I would like to nominate Big Belly Solar and Olin alum Jeff Satwicz ‘06 for the award. Jeff, along with classmate Bret Richmond and Babson MBAs Alexander Perera and James Poss, founded this company, whose flagship product, the eco-friendly Big Belly Solar Trash Compactor, is revolutionizing the processing of trash in cities around the globe. The Big Belly uses solar power to compact trash in high traffic areas, such as parks and city streets, eliminating the need for frequent pick ups. According to the company’s website, BigBelly can operate for a week on the equivalent energy it takes to make a pot of coffee. For its combination of economic and environmental advantages, and contributions to sustainable living, I nominate Jeff and his colleagues at Big Belly Solar for the Extraordinary Stories Student Award.

The Copenhagen Wheel: Sustainable Urban Mobility

December 8th, 2010

In 2008, MIT’s SENSEable City Lab began exploring how small amounts of technology could improve the cycling experience and ultimately tackle the transportation problems that cities face.
The Copenhagen Wheel is a new emblem for sustainable urban mobility. Smart, responsive and elegant, it transforms ordinary bicycles quickly into hybrid e-bikes that allow cyclists to capture the energy dissipated while cycling and braking and save it for when they need a bit of a boost. The wheel also functions as a mobile sensing unit, mapping pollution levels, traffic congestion, and road conditions in real-time.

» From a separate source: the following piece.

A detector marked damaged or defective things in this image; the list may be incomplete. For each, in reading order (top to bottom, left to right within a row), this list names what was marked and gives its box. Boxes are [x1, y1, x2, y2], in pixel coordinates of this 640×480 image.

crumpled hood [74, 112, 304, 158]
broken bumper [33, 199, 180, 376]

Controlled through your smart phone, the Copenhagen Wheel becomes a natural extension of a rider’s everyday life. Cyclists can use their phone to unlock and lock their bike, change gears and select how much the motor is assisting them.
Meanwhile, the wheel’s sensing unit is also capturing a cyclist’s effort level and information about their surroundings, including road conditions, carbon monoxide, NOx, noise, ambient temperature and relative humidity. Through accessing this data through their phone or the web cyclists can use it to plan healthier bike routes, to achieve their exercise goals or to meet up with friends on the go.
Lastly, cyclists can choose share their data with friends, or with their city – anonymously if they wish – thereby contributing to a fine-grained database of environmental information from which we can all benefit.
The Copenhagen Wheel was presented at the COP15 United Nations Climate Conference in 2009. It is currently in its third prototyping phase and will go commercial in 12 months, cost $500/wheel.

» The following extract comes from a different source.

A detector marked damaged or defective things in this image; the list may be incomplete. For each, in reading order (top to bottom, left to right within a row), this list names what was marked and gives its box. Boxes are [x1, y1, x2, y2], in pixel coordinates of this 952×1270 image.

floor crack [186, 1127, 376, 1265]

All-Terrain Wheelchair Improves Mobility

December 8th, 2010

The Leveraged Freedom Chair (LFC) is a wheelchair designed to go anywhere. Such a product is in dire need, as 14 million people who need a wheelchair in the developing world live in rural areas where rough roads and muddy walking paths provide the only connections to community, education, and income. The LFC’s lever drivetrain enables its user to travel 10-20% faster on pavement than a conventional wheelchair and off-road, it’s like no other mobility aid available. The user effectively changes gears by simply moving her hands on the levers; grasping high on the levers increases the mechanical advantage while grasping low increases speed. All moving parts on the LFC are made from bicycle components, making the chair manufacturable and repairable anywhere in the developing world.

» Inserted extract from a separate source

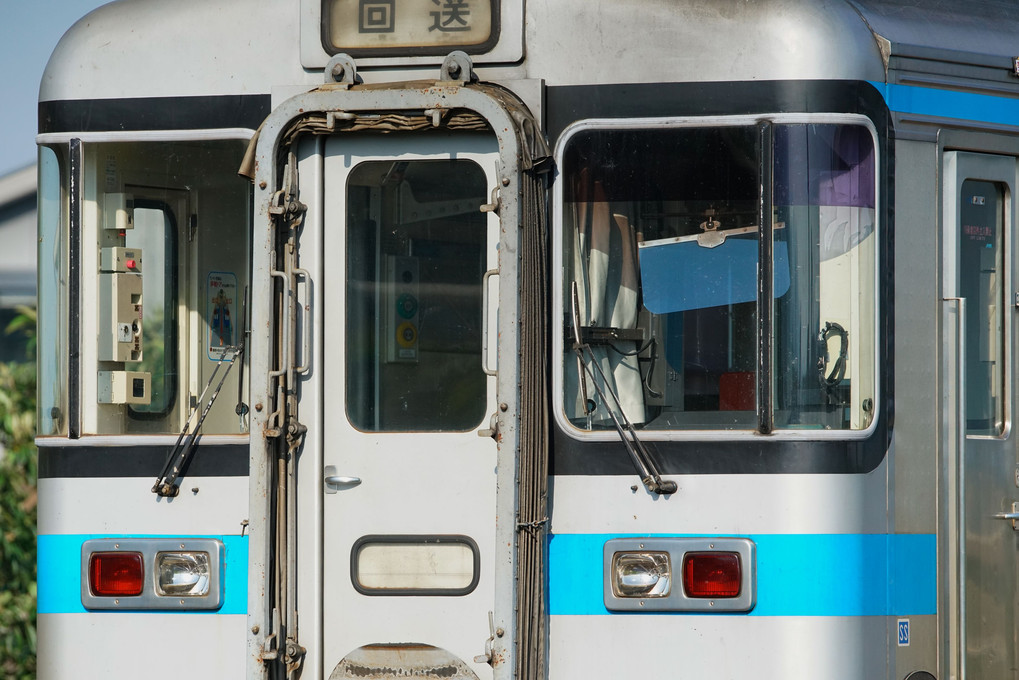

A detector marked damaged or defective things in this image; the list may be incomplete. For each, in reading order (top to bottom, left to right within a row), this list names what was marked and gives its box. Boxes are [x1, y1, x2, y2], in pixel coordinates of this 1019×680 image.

rusty metal surface [330, 648, 480, 676]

A recent trial in East Africa confirmed that the LFC is more capable off road than any other mobility aid, and that people with disabilities from many demographics can produce more power with less exertion using the lever drivetrain. Under a $50,000 grant from the Inter-American Development Bank, the next generation LFC will be developed, prototyped, and trialed in Guatemala starting in the spring of 2010. The LFC was a winner in the 2008 MIT IDEAS competition, won first place in the 2009 ASME IDETC Graduate Student Mechanism Design Competition, and is in the process of being patented.

A Filter Full of Algae Gets Rid of CO2

December 8th, 2010

We are the Robo Rebels, a group of eight graders competing in First Lego League. Our research project was awarded the Innovative Solution Award at the 2010 Minnesota FLL State tournament. We also received an Innovative Solution second place award at the 2008 HTK FLL International Open as sixth graders for our auto-dimmer switch based on a Mindstorms light sensor.
This year we stumped the judges during the question and answer session and still had three minutes remaining. The judges were impressed with the level of our research and ran out of questions for our team.
We researched using algae and a Low Nitrogen Oxide Filter to filter carbon dioxide and particulate matter out of school bus exhaust. We call our invention the Algae Tube Filtration System – ATFS. Our invention fulfills NAE Grand Challenge criteria of Sustainability and Health by cleaning exhaust and reducing greenhouse gas emissions. Dr. Min from the University of Minnesota found our concept to be quite feasible.
Our design is based on algae consuming carbon dioxide out of the environment through photosynthesis. The AFTS can theoretically remove 30-50% out of school bus exhaust. We chose to use the synechococcus strain of hot springs algae, because these algae can stay alive in temperatures of up to 162 degrees Fahrenheit.
The algae tube is located on the back of the bus, running up the side. A one-way valve keeps the water from flowing toward the engine. It carries 20 pounds of algae in 3 gallons of water.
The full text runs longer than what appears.